Nach soviel Selbstlob aber auch Beschäftigung mit den eigenen Grenzen, bin ich gestern prompt abgestürzt und lustlos auf der Terrasse mit den grünen Korbstühlen gesessen und es hat in mir gedacht „Das schaffst du nicht, das ist nicht neu und originell, denn über den Donaukanal hast du ja schon oft geschrieben und auch über die Büchergilde-Gutenberg Sammlung deines Vaters und wen interessiert ein alter Mann, der sich mit einer arbeitslosen Lektorin trifft und, daß ein achtundvierzigjähriger ausrangierter Postbeamter mit einer Messie-Frau nach Bratislava fährt und von ihr ein schüchternes Küßchen bekommt, während sie immer wieder auf die Uhr sieht und die altkluge kleine Clarissa einen dreibeinigen Stoffelefanten in den Kindergarten schleppt…? Alles nicht originell, dazu meine einfache Sprache, meine Rechtschreibung und und und …“
Da habe ich wieder herumgegooglet und bin daraufgekommen, die lange Liste aus der im September sechs Namen ausgewählt werden, aus der dann einer oder eine den deutschen Buchpreis bekommt, gibt es schon.
Unter www.deutscher.buchpreis.de kann man sie sich ins Zimmer holen, ab Samstag soll es heuer so ein Buch mit den Namen, Textauszügen und Hintergrundinformationen in den Buchhandlungen geben und bei www.libreka.de kann man sich die Auszüge ab heute auf seinen Computer oder E-Reader laden.
Da war ich natürlich abgelenkt, bzw. weiter deprimiert, denn so weit werde ich es wahrscheinlich niemals bringen, so daß ich, bevor ich mich wieder an das Korrigieren mache, ein bißchen darüber philosophieren will.

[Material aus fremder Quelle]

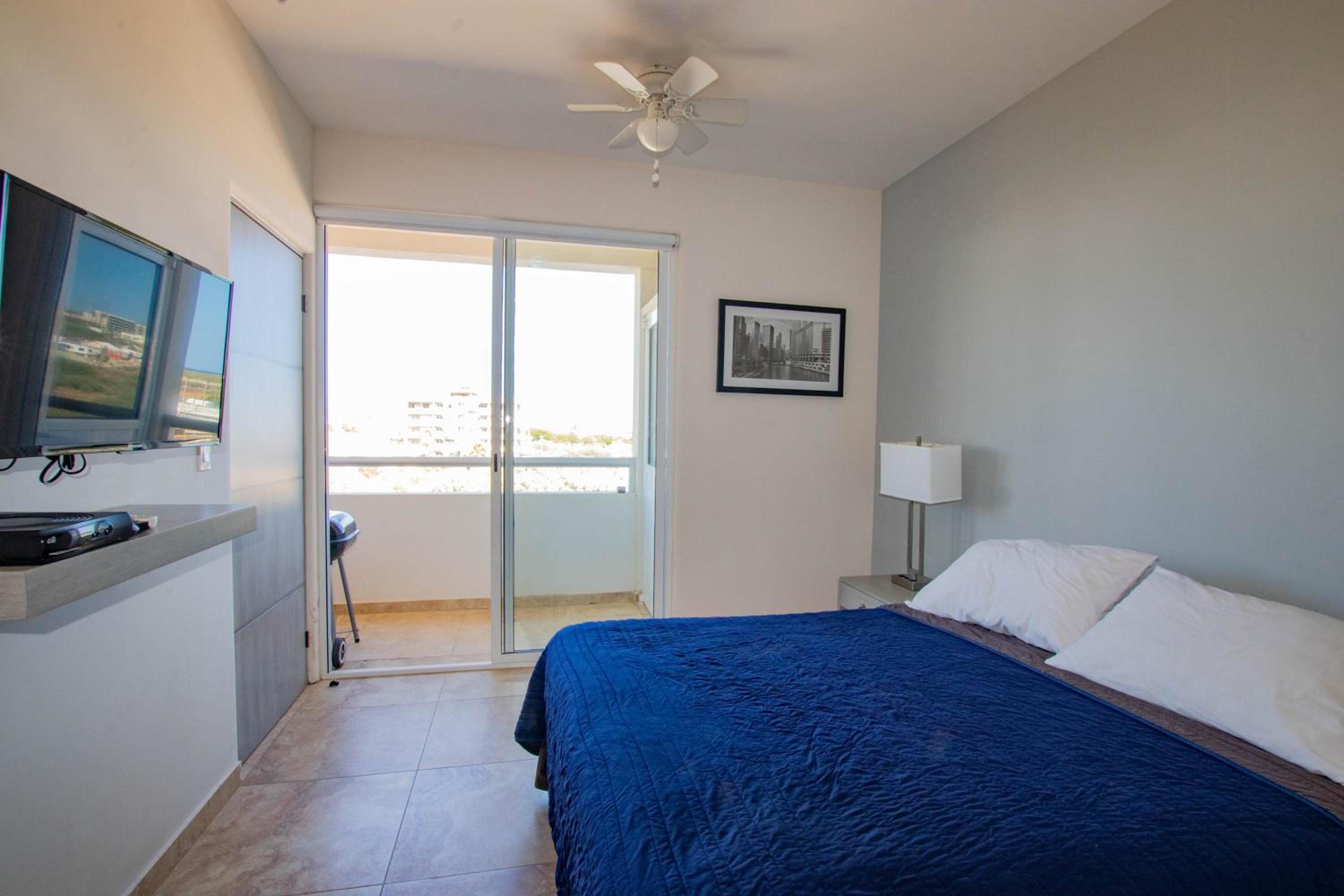 Two-Bedroom Apartment - Photo 31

Denn das ist ja interessant und auf jeden Fall sehr medienwirksam. Da reichen 79 Verlage, die Mitglied beim deutschen, schweizer oder österreichischen Buchhandelsbörsenverein sind, 154 Titel ein, sieben Jurymitglieder darunter Iris Radisch und Daniela Strigl sichten sie, wählen zuerst zwanzig, später sechs heraus, eine oder einer bekommt, wenn er im Oktober nach Frankfurt fährt, 25.000 Euro, das Buch wird sich gut verkaufen, während die vielen anderen, die nicht auf der Liste stehen, überbleiben.

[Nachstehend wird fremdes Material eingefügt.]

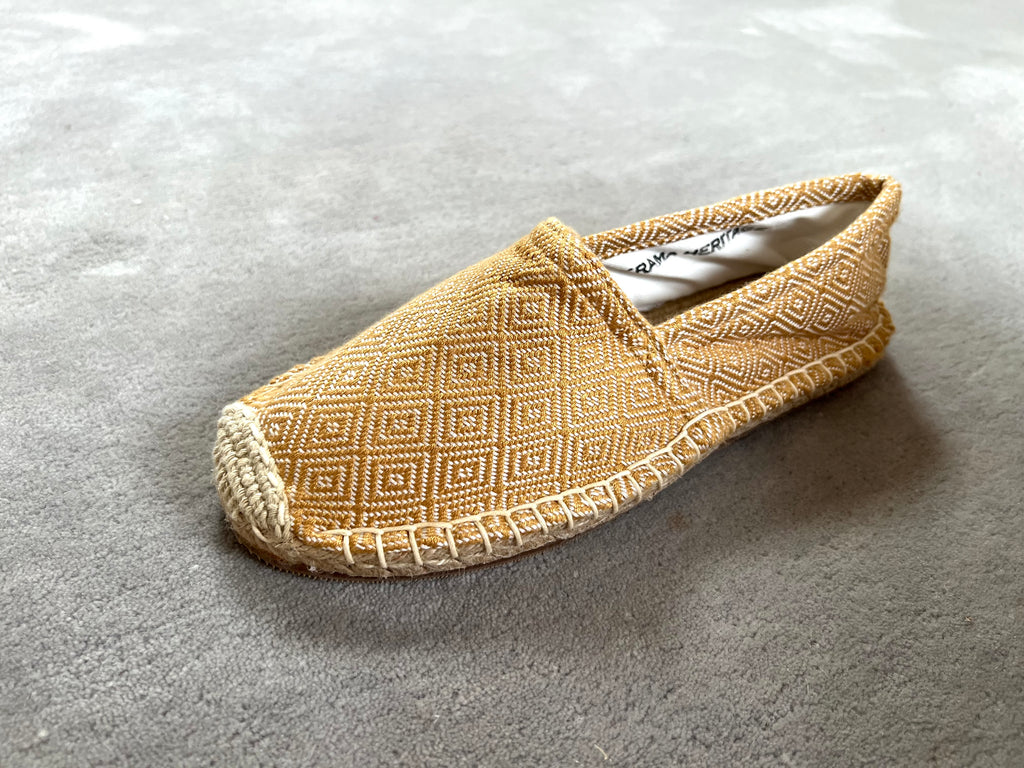 Les espadrilles Diamond Or dans leur grand écrin naturel en feuille de palmier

Darüber habe ich schon im Vorjahr diskutiert, eigentlich absurd aus 154 oder natürlich noch mehr Büchern, das angeblich beste auszuwählen?
Wenn man aber daran denkt, daß der Durchschnittsleser fünfzig Bücher im Jahr liest, die meisten weniger und die Leselustfrustbetreiberin zweihundert, ist das nicht absurd. Denn für sie gehen sich die zwanzig Langlistenfavoriten aus, sie las zwar gerade einen zehn Jahre alten Ernst Molden Krimi, der Durchschnittsleser hält sich an die sechs bzw. das Preisbuch, der Buchhandel freut sich, Sigrid Löffler schimpft, weil die wirklich besten Bücher wieder übergeblieben sind und ich werde nur lesen, was ich geschenkt bzw. um einen Euro bekomme.

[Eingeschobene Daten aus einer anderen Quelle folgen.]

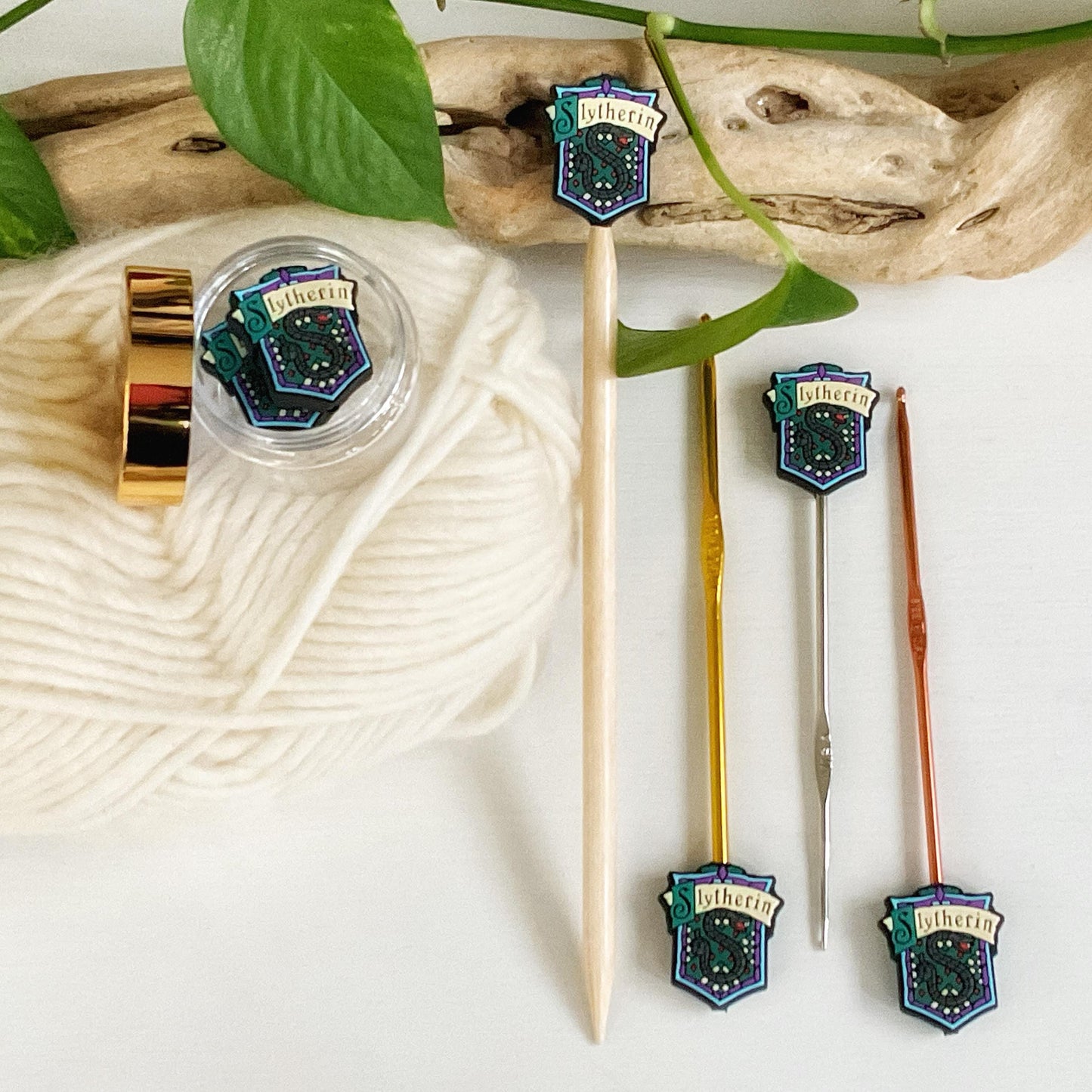 WIZARDING School HOUSE SHIELDS, Set of 2 Knitting Stitch Stoppers Crochet Hook buddies knitting needle point protectors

Man kann sich aber, wie Leselustfrust meint, auch selber an die Nase nehmen und über den Tellerrand schauen.
Ich versuche es mit dem Literaturgeflüster und die zwanzig Namen habe ich mir angeschaut. Vier davon gehören österreichischen Männern und, um mich oder den Zufall zu loben, über die Hälfte habe ich in den letzten Tagen geschrieben, nämlich über Thomas Glavinic und Clemens J. Setz, die mit „Das Leben der Wünsche“ und „Die Frequenzen“ auf der Liste sind.
Dann stehen noch Thomas Stangl mit „Was kommt“ und Wolf Haas mit seinem neuen Brenner-Krimi darauf. Da kann man natürlich fragen, warum nur Männer? Und wieso der neue Henisch und Robert Menasse nicht und überhaupt, wo bleibt die Frau Mayröcker mit ihrem „Scardanelli“?, obwohl man das der alten Dame wahrscheinlich nicht mehr zumuten soll, wieder auf einer Liste zu stehen und überzubleiben, da sich ihre Lyrik höchstwahrschlich nicht so für die Massen verkauft. Interessant, Daniel Kehlmanns „Ruhm“ ist auch nicht dabei.
Und ich hab mich geärgert, denn sowohl Thomas Stangl, als auch Clemens J. Setz haben ihre neuen Bücher im April im Literaturhaus vorgestellt und ich bin zu beiden Lesungen nicht gegangen, weil ich lieber schreiben wollte …
Sonst gibt es das Feinste vom Feinsten, nämlich Sibylle Berg, Anna Katharina Hahn, Herta Müller, Therezia Mora, Ernst Wilhelm Händler u.u.u. Selber nachschauen bzw. sich das Lange Listen Buch holen.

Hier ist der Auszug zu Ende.